Data Structures with `pandas`#

Goals of this lecture#

In this lecture, we’ll introduce the pandas package, a really useful way to represent tabular data in Python.

Topics will include:

What is data?
What is tabular data?
Why not use a list, a dict, or numpy?
Introducing pandas: an efficient way to store data tables.
Basics of pandas.DataFrame: creating and indexing DataFrames.

What is data?#

Data is a collection of values conveying information. This includes quantitative values (e.g., height, income, etc.) and qualitative values (e.g., major, favorite food, etc.).

All empirical sciences rely on data of some kind. Can you think of examples of data from your own field?

Representing data#

Importantly, data must be represented somehow: how to do this?
Further, we often have multiple sources of data.
- Example: population and GPD are two different measures we can calculate for each country.
- Can’t just represent with a single vector: it’s at least two-dimensional.
- We need a way to represent this N-dimensional data.

What is tabular data?#

Tabular data is data organized in a table with rows and columns.

This kind of data is two-dimensional.
Typically, each row represents an “observation”.
- A person.
- A country.
- An experimental trial.
Typicallly, each column represents an attribute.
- height
- gdp or population
- reaction_time or experimental_condition

Example 1: Economic connectedness#

In lecture 1, we looked at this figure showing the relationship between Economic Connectedness and Predicted Income Rank across counties.

title

Example 1 as tabular data#

To run this analysis (and plot the figure), the authors had to represent these data.
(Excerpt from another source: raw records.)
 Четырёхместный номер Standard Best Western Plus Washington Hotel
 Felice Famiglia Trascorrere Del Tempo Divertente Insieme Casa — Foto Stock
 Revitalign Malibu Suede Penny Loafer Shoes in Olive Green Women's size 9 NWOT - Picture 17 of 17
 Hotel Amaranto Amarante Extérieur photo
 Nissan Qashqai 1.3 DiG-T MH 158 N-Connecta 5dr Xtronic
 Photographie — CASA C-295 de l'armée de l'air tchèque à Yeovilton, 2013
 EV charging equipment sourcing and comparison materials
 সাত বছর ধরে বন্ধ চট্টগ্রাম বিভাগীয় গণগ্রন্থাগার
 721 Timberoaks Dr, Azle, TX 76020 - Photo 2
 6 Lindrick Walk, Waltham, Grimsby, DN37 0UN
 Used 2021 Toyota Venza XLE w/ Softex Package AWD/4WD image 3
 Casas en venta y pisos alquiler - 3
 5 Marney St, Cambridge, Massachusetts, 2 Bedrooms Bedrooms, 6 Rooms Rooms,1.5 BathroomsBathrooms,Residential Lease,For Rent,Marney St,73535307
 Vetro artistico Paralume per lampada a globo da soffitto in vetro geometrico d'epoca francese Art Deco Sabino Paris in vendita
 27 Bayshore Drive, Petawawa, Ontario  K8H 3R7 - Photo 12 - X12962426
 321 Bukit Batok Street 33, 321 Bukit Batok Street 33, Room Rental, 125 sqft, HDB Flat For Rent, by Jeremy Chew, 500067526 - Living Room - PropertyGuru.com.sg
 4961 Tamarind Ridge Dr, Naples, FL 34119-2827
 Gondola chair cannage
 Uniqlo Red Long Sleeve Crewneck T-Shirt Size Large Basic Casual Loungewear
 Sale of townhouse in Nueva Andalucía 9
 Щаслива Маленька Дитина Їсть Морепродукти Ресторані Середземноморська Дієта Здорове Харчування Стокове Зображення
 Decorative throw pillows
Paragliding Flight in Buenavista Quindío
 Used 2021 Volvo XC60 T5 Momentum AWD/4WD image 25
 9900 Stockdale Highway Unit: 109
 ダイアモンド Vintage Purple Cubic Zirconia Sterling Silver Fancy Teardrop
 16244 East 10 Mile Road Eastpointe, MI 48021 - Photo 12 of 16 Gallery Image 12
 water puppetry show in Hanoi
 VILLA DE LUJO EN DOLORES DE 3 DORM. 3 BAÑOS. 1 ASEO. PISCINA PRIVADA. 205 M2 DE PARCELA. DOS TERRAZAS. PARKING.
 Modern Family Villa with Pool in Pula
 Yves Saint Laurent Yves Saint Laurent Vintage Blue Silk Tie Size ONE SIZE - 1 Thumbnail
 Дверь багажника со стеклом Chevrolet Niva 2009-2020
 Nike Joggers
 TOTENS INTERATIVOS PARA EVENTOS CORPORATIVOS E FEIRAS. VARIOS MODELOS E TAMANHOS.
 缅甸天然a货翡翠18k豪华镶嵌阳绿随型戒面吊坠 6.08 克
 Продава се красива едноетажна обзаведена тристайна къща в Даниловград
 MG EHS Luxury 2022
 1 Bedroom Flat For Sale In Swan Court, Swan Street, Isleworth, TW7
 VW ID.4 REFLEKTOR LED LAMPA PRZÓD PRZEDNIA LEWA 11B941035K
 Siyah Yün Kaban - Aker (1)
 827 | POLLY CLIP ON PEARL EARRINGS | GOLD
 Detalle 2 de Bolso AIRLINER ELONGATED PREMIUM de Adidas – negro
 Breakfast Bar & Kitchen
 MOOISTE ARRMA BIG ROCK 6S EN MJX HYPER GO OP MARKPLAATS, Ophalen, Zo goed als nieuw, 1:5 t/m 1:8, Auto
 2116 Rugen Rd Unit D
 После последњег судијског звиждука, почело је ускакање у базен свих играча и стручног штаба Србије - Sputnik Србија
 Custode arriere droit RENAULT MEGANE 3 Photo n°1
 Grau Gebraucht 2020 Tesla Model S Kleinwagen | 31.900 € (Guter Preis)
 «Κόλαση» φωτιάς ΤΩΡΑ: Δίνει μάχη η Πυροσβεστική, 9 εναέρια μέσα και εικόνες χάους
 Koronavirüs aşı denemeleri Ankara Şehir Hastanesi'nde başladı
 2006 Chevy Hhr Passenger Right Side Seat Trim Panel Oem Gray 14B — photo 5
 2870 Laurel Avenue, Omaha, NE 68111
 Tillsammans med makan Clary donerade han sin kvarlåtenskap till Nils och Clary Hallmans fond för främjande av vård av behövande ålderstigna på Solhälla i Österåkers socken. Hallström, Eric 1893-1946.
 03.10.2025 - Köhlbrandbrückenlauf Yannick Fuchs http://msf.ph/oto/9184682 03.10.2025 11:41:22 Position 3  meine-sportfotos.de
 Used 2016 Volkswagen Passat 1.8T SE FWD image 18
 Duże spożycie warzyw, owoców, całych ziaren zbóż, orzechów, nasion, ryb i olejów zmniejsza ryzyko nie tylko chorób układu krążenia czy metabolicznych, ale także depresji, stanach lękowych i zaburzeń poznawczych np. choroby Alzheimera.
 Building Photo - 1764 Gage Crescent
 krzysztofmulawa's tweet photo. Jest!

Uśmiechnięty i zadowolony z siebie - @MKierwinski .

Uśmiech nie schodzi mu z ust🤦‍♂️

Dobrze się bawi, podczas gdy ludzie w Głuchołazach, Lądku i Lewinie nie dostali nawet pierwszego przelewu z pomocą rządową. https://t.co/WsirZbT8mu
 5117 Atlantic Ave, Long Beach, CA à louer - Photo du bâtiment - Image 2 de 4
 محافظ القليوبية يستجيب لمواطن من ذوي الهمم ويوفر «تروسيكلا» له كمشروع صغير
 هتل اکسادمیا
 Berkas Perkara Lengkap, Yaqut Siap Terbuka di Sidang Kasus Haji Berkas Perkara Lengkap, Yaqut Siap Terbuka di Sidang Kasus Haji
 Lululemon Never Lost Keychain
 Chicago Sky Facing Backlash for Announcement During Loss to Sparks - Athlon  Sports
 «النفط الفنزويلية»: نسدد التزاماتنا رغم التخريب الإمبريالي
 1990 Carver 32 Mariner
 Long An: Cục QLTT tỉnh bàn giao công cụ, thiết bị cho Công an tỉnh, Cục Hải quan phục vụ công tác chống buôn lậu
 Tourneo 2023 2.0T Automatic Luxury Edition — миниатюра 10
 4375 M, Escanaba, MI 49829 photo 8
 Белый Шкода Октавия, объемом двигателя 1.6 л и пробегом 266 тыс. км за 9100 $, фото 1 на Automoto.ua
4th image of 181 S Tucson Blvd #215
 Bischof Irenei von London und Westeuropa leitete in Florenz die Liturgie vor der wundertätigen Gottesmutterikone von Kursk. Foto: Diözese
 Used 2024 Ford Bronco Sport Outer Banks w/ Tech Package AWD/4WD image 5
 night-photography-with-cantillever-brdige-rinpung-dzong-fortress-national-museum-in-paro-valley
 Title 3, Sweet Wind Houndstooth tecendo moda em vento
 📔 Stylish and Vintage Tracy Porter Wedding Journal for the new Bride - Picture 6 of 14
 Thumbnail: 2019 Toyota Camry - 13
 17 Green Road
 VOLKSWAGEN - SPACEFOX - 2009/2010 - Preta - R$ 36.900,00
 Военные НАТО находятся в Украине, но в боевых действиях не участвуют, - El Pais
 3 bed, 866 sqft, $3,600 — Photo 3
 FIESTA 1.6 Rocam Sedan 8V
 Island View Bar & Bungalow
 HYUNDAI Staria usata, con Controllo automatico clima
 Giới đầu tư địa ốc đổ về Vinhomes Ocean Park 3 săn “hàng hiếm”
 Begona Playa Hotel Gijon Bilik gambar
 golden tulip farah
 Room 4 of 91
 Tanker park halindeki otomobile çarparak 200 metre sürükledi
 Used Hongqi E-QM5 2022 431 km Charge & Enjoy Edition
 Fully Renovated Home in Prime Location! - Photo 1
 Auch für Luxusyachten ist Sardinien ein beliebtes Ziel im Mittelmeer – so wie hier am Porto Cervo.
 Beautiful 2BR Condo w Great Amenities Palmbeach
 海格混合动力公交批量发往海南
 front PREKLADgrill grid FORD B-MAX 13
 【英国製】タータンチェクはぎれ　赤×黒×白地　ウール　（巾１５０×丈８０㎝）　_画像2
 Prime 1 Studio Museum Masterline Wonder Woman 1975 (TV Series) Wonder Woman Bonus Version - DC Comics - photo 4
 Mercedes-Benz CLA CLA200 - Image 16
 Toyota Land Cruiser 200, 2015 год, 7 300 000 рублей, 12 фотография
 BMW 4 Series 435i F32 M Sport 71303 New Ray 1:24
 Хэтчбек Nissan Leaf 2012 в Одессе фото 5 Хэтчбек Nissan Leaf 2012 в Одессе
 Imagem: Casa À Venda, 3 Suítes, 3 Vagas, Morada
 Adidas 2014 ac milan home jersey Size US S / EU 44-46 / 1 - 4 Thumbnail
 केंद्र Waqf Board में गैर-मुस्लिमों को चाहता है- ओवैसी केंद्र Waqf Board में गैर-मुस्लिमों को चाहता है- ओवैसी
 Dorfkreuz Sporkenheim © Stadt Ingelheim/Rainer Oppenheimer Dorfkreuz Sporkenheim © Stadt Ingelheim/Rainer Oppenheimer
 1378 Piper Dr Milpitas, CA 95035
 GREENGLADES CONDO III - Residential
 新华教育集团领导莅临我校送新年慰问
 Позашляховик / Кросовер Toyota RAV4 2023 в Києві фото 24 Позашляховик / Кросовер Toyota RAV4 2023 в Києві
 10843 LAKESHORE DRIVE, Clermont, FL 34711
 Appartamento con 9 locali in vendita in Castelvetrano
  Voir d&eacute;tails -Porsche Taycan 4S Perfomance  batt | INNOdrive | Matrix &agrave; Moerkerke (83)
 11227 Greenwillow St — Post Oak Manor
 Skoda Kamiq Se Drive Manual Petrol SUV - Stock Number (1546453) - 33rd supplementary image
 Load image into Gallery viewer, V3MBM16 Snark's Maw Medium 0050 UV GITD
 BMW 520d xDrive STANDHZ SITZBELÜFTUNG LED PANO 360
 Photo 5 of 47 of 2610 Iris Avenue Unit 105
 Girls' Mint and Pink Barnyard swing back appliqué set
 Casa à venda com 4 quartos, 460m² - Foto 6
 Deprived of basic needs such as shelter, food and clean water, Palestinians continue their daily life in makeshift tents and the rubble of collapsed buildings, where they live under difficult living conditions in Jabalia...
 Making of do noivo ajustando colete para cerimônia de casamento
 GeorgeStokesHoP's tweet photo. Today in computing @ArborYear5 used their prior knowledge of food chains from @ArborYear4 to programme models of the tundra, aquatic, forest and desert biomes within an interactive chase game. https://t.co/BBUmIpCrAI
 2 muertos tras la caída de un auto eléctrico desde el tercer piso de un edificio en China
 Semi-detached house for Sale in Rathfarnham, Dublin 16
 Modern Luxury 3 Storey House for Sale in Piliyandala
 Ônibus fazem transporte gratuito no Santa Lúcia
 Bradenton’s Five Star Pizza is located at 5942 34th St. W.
For example, their data includes at least:

County	Connectedness	Population	Predicted Income Rank
San Francisco, California	1.31	870044	51
New York, New York	0.83	1632480	42

Example 2: Countries#

Check-in: What does each row represent? What about each column?

Country	Population (million)	GDP (Trillions)
USA	329.5	20.94
UK	76.22	2.7
China	1402	14.72

Example 3: Experimental psychology#

Check-in: What does each row represent? What about each column?

Subject ID	Condition	Reaction Time (ms)
1	Congruent	100
2	Incongruent	150
3	Congruent	110
4	Incongruent	145

Tabular data: interim summary#

2-dimensional data consisting of rows and columns.
Can be represented using an Excel spreadsheet (or Google Sheet).
One of the most common data structures, especially in social science.

This brings us to: how do we represent tabular data in Python?

Tabular data in Python without `pandas`#

Ultimately, we’ll learn about representing tabular data with pandas.
But before that, let’s consider the alternatives.
So far, we’ve learned about a couple potentially helpful data types:
- list.
- dict.
Let’s consider each of these types in turn.

Tabular data with `list`s#

Tabular data consists of rows and columns.
- Typically, each column corresponds to an attribute of an individual (e.g., a person).
One option is to use a separate list for each column.

Example: economic connectedness#

One list representing county names.
Another list representing population.
Another list representing economic connectedness.

county = ['SF', 'New York', 'Salt Lake']
population = [870044, 1632480, 200133]
economic_connectedness = [1.31, 0.83, 0.96]

Using this method, we can track each observation (i.e., each row) using the index.

print(county[0])
print(population[0])
print(economic_connectedness[0])

SF
870044
1.31

Discussion#

What is a potential issue using this approach?

Discussion (continued)#

Kind of awkward.
Need to remember which list corresponds to which attribute.
- Very important to name our list variables carefully.
Also kind of annoying to have to index into each list separately.

Tabular data with `dict`s#

A “level up” would be to represent this data using a dict.
Each key corresponds to a column name (i.e., attribute).
Each value corresponds to a list of those attribute values.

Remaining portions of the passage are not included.